**Material provided:**
▬▬▬▬▬▬▬▬▬▬

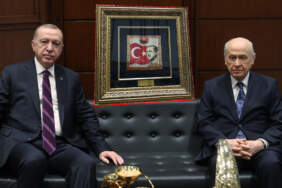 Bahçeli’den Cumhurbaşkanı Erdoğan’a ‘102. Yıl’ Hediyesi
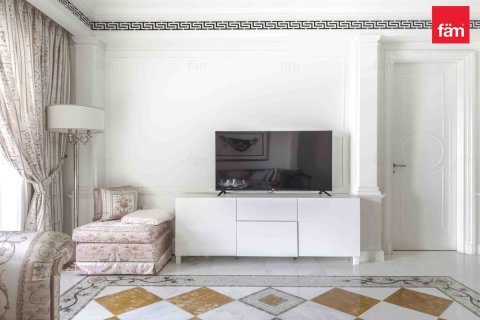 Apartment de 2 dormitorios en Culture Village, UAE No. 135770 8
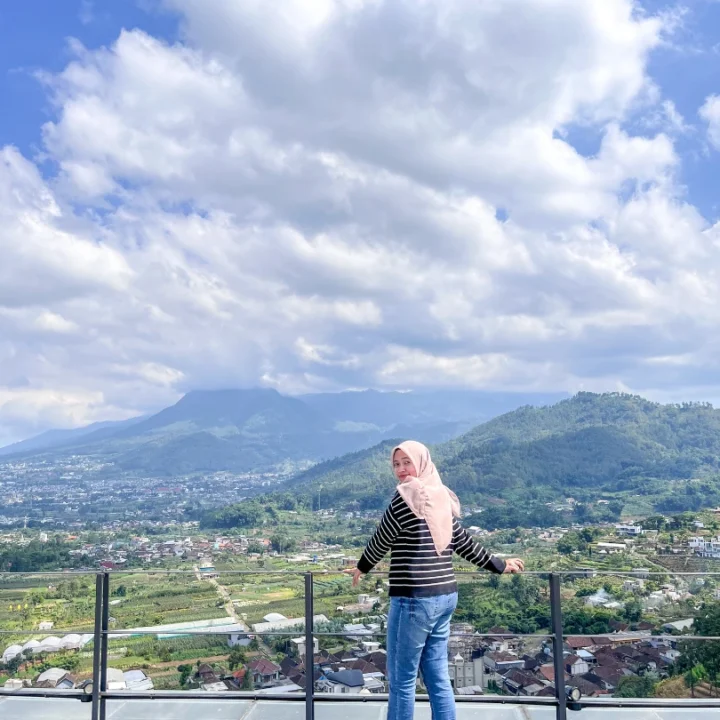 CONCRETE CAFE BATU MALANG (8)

▬▬▬▬▬▬▬▬▬▬

**Problem statement:**
Retype the entire listing exactly as it appears, dropping only the pictures.

**Written answer:**
 Bahçeli’den Cumhurbaşkanı Erdoğan’a ‘102. Yıl’ Hediyesi
 Apartment de 2 dormitorios en Culture Village, UAE No. 135770 8
 CONCRETE CAFE BATU MALANG (8)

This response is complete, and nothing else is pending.